======== Material to process ========

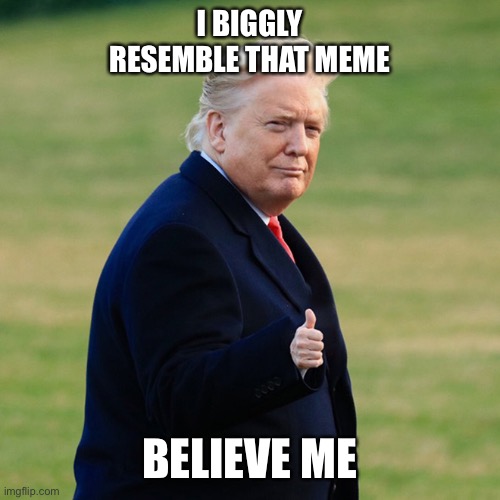 I BIGGLY RESEMBLE THAT MEME BELIEVE ME | made w/ Imgflip meme maker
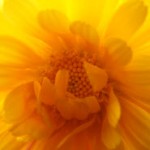 Calendula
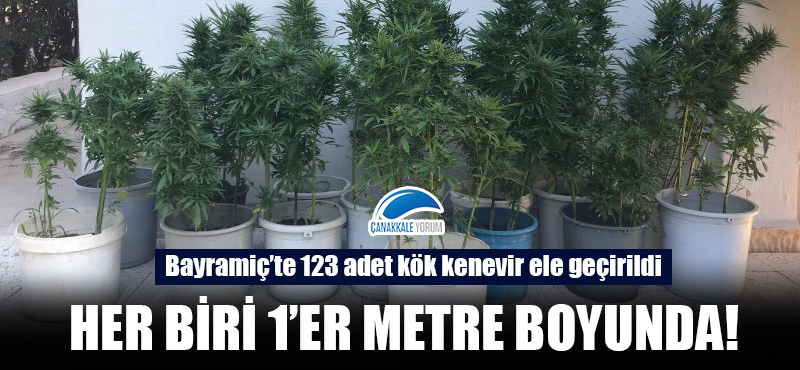 Bayramiç'te 123 adet kök kenevir ele geçirildi!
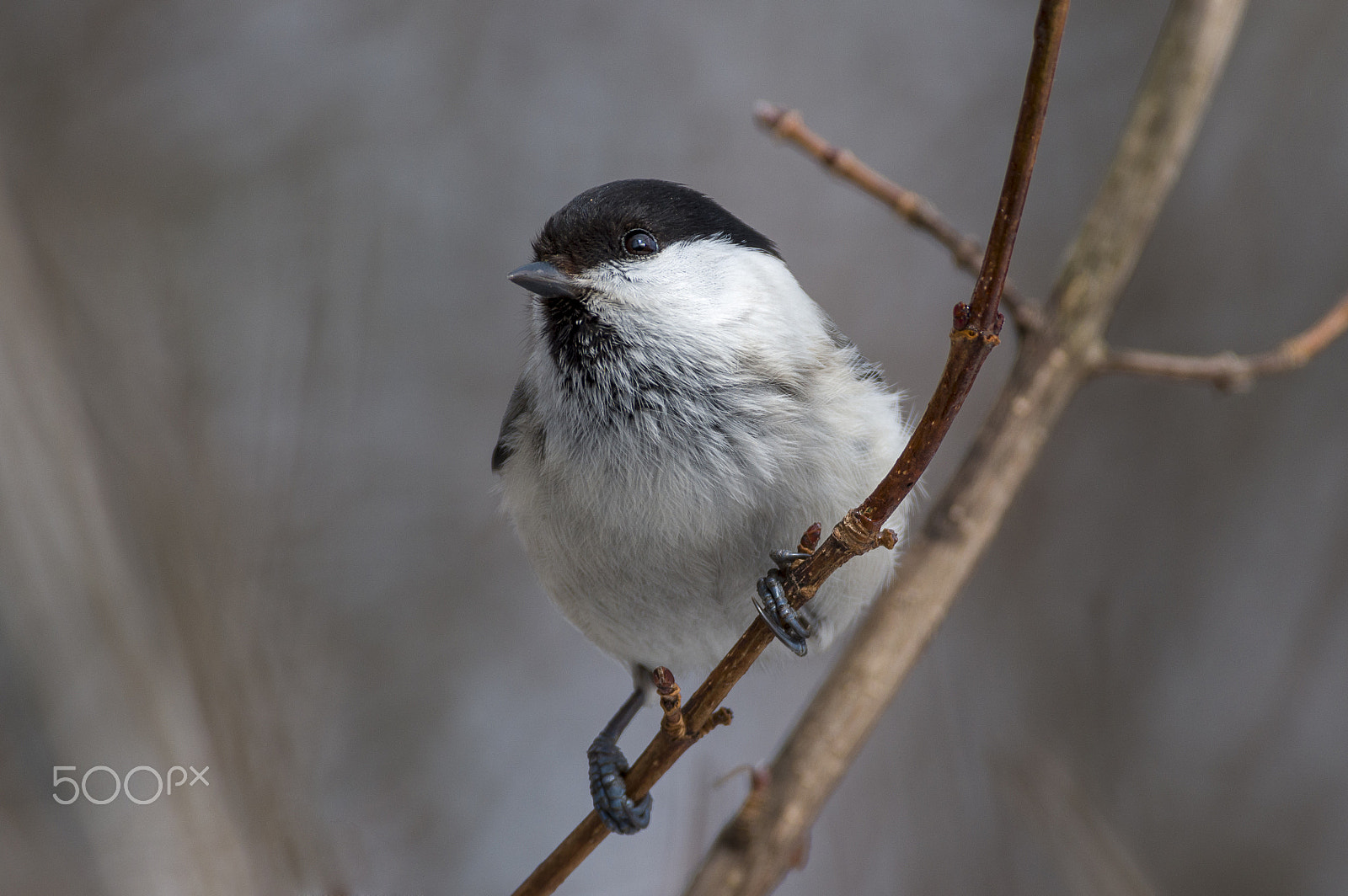 Pentax KP sample photo. Willow tit photography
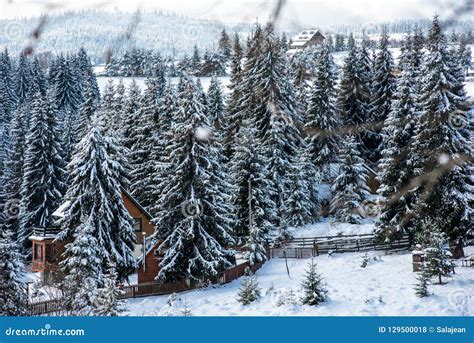 Winter Wonderland Forest Stock Photo Image Of Frozen 129500018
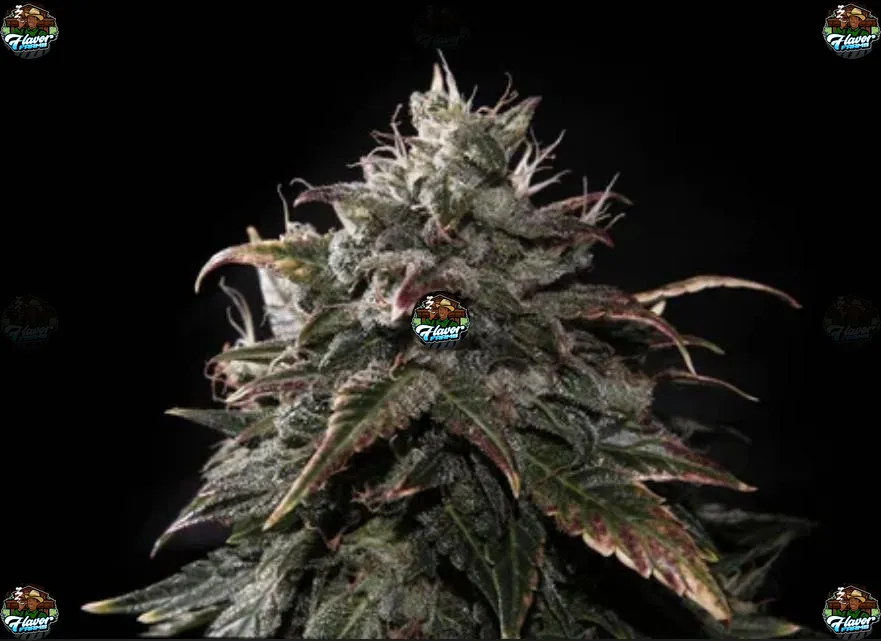 Zkittlez Cannabis in DC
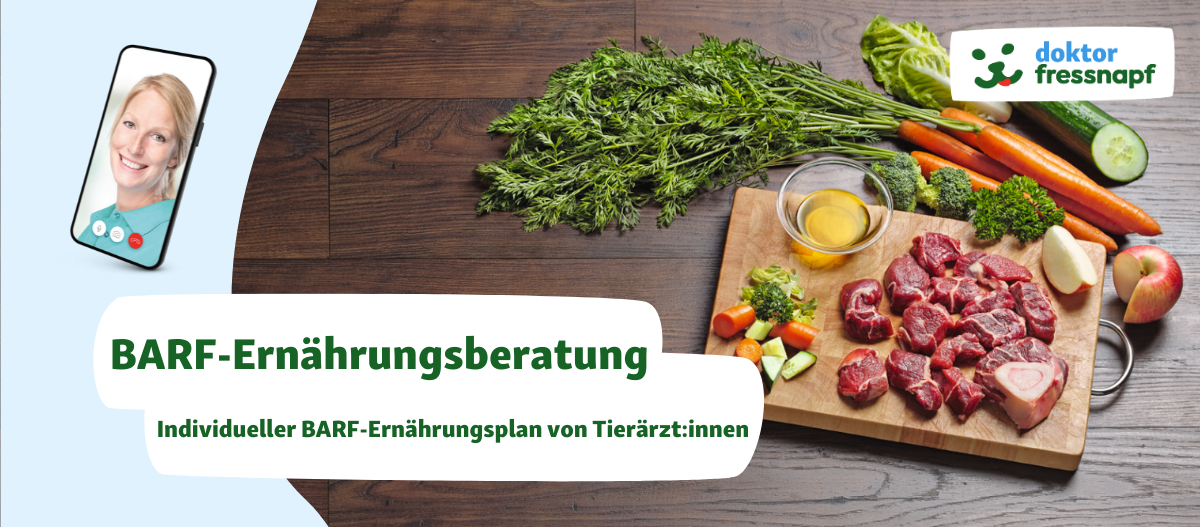 Banner BARF-Ernährungsberatung (1200x527)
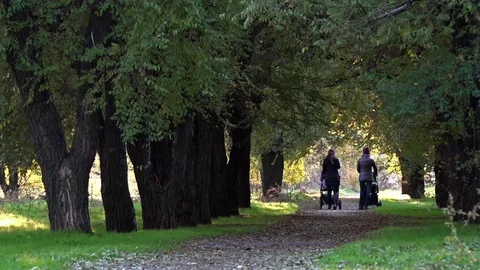 Two girls in the park. Stock Footage 82035461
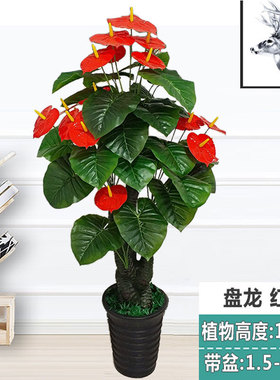 假树吉祥红掌鸿运仿真植物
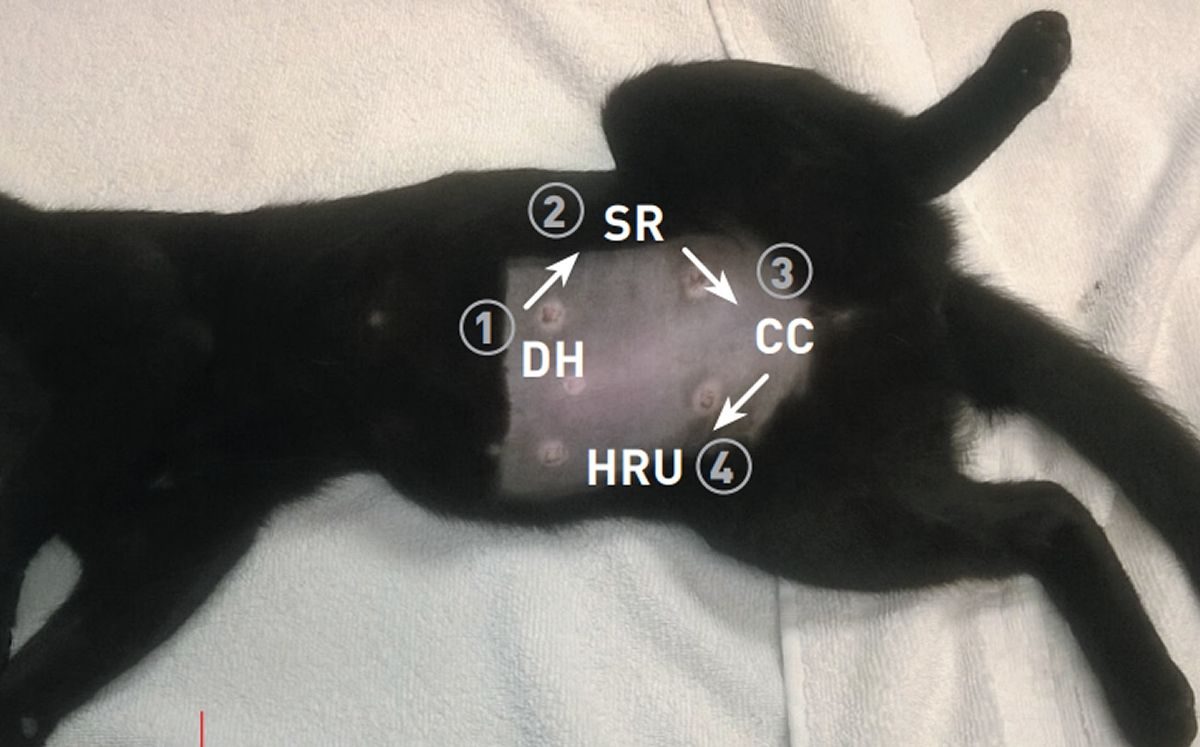 Figure 1. AFAST landmarks on a cat in right lateral recumbency. The cat is sedated in preparation for an elective ovariohysterectomy; for the ultrasound scan the cat would generally not be sedated and not shaved, but the shaved abdomen helps better show the anatomical landmarks. DH = Diaphragmatico-Hepatic View; SR = Spleno-Renal View; CC = Cysto-Colic View HRU = Hepato-Renal Umbilical View© Dr. Gregory Lisciandro, Hill Country Veterinary Specialists, FASTVet.com, Spicewood, Texas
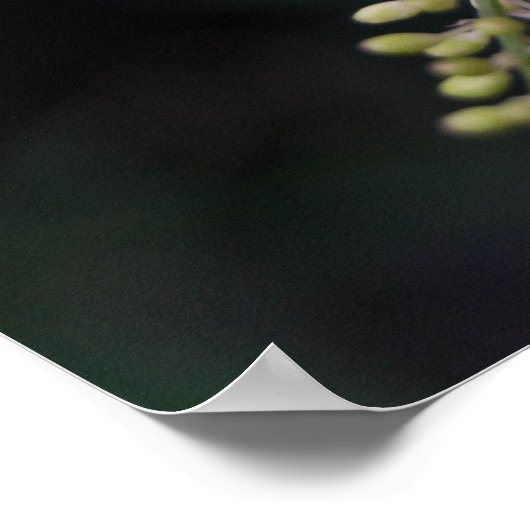 フミリス湖 ポスター (角)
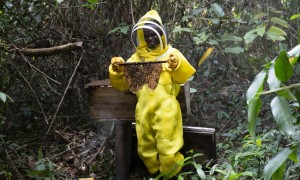 David Gargar at a beekeeping project in Neakai community, Rivercess County, Liberia, part of the Irish Aid funded LIFE programme Photo: Kieran McConville/Concern Worldwide.
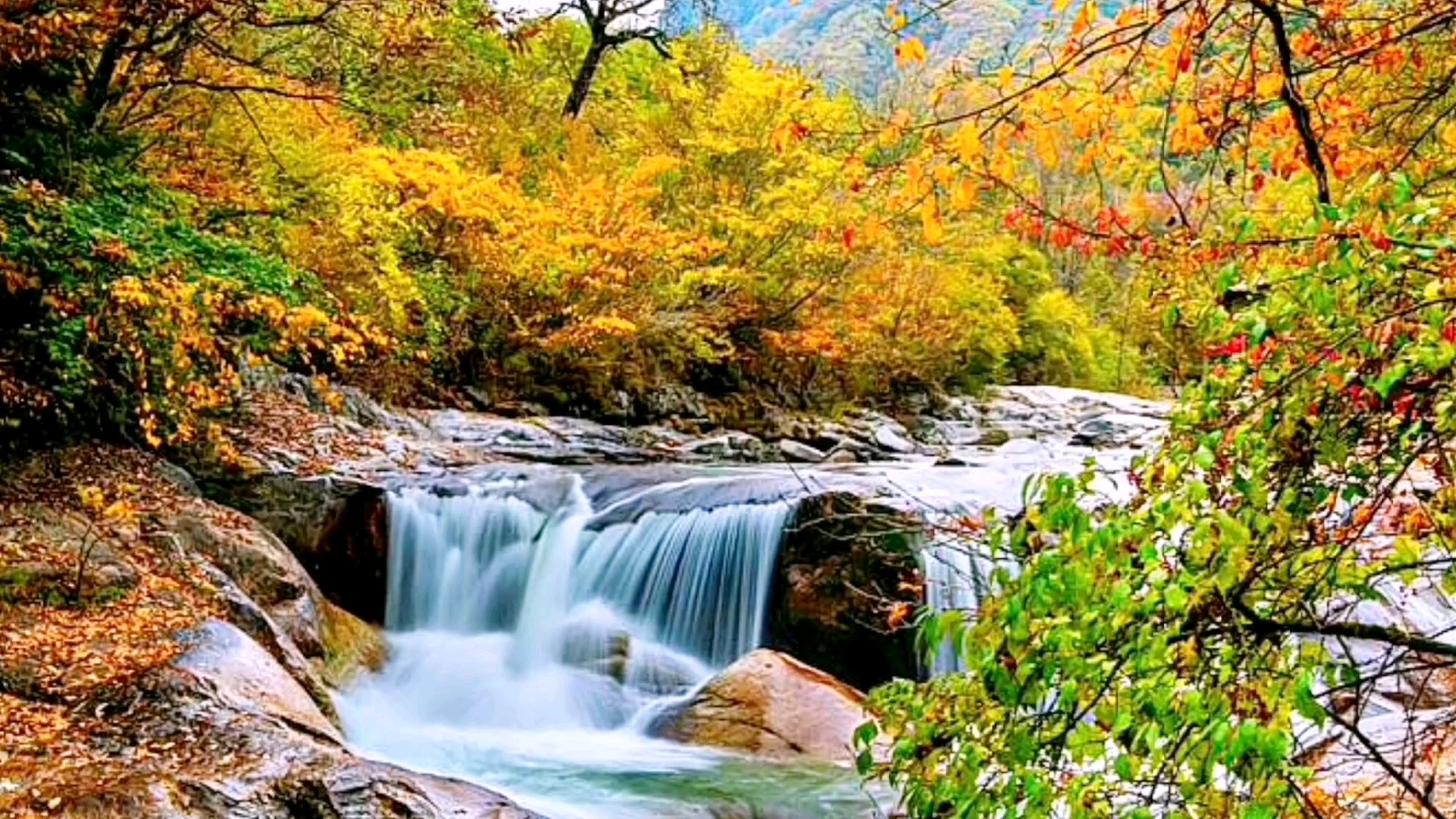 正是五彩缤纷时,黄柏塬风景区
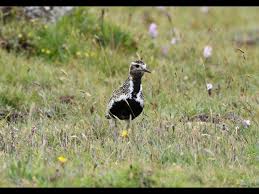 Attēlu rezultāti vaicājumam “Pluvialis apricaria”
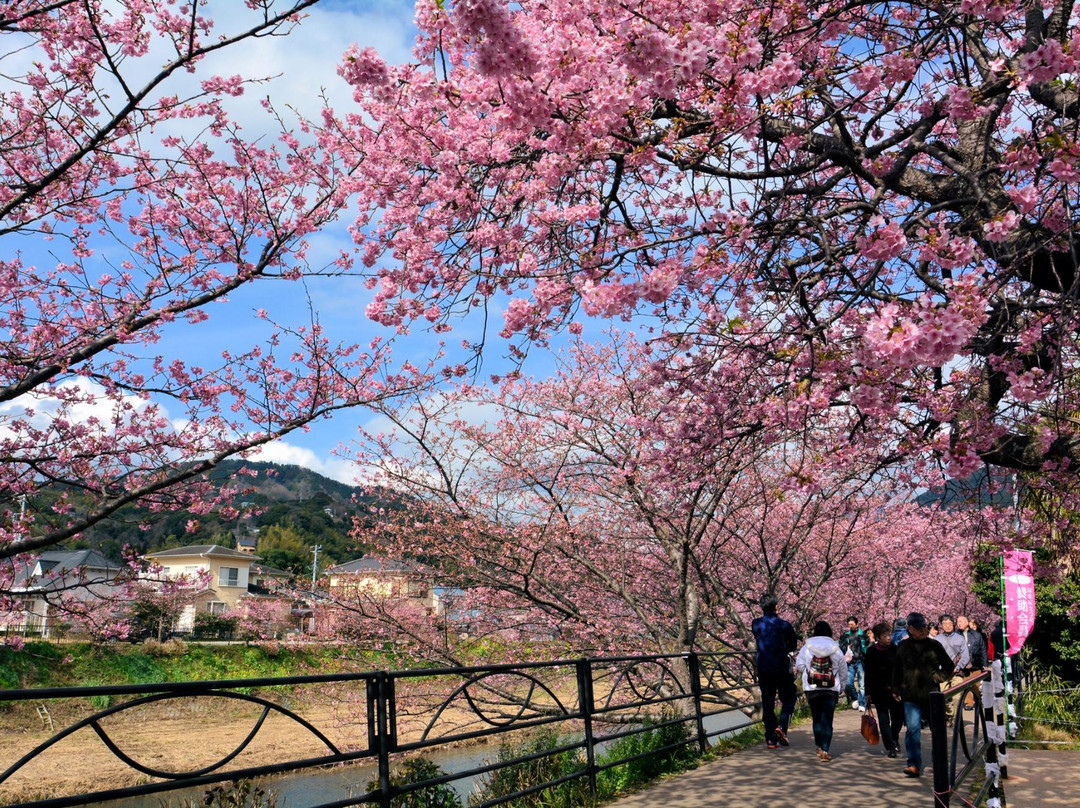 Hosen no Ashiyudokoro-河津町必去景点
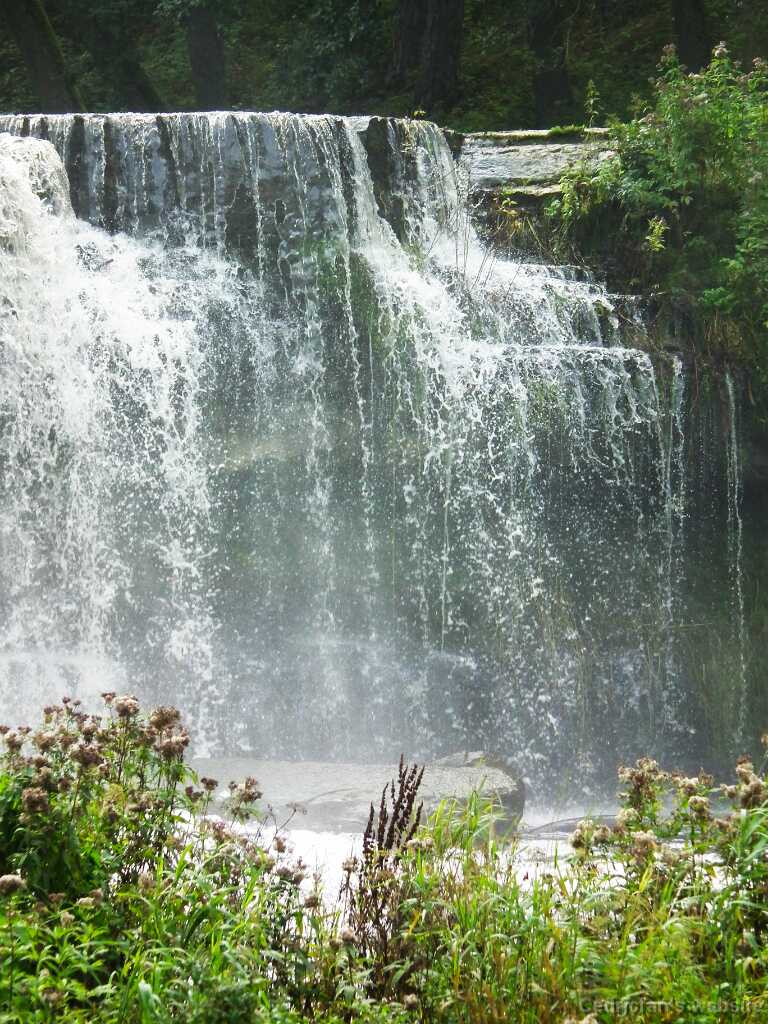 DSCF2959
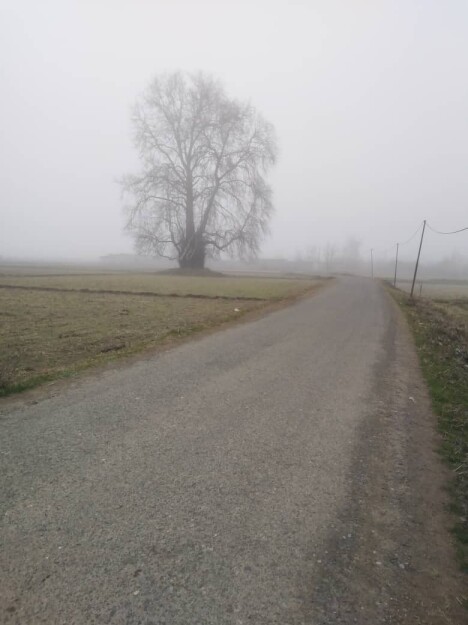 Riding in the Fog, Once Again, An Invisible Adventure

========

Exercise description: A word-for-word copy of the entries is needed, with no pictures in it.

Response to this exercise:
 I BIGGLY RESEMBLE THAT MEME BELIEVE ME | made w/ Imgflip meme maker
 Calendula
 Bayramiç'te 123 adet kök kenevir ele geçirildi!
 Pentax KP sample photo. Willow tit photography
 Winter Wonderland Forest Stock Photo Image Of Frozen 129500018
 Zkittlez Cannabis in DC
 Banner BARF-Ernährungsberatung (1200x527)
 Two girls in the park. Stock Footage 82035461
 假树吉祥红掌鸿运仿真植物
 Figure 1. AFAST landmarks on a cat in right lateral recumbency. The cat is sedated in preparation for an elective ovariohysterectomy; for the ultrasound scan the cat would generally not be sedated and not shaved, but the shaved abdomen helps better show the anatomical landmarks. DH = Diaphragmatico-Hepatic View; SR = Spleno-Renal View; CC = Cysto-Colic View HRU = Hepato-Renal Umbilical View© Dr. Gregory Lisciandro, Hill Country Veterinary Specialists, FASTVet.com, Spicewood, Texas
 フミリス湖 ポスター (角)
 David Gargar at a beekeeping project in Neakai community, Rivercess County, Liberia, part of the Irish Aid funded LIFE programme Photo: Kieran McConville/Concern Worldwide.
 正是五彩缤纷时,黄柏塬风景区
 Attēlu rezultāti vaicājumam “Pluvialis apricaria”
 Hosen no Ashiyudokoro-河津町必去景点
 DSCF2959
 Riding in the Fog, Once Again, An Invisible Adventure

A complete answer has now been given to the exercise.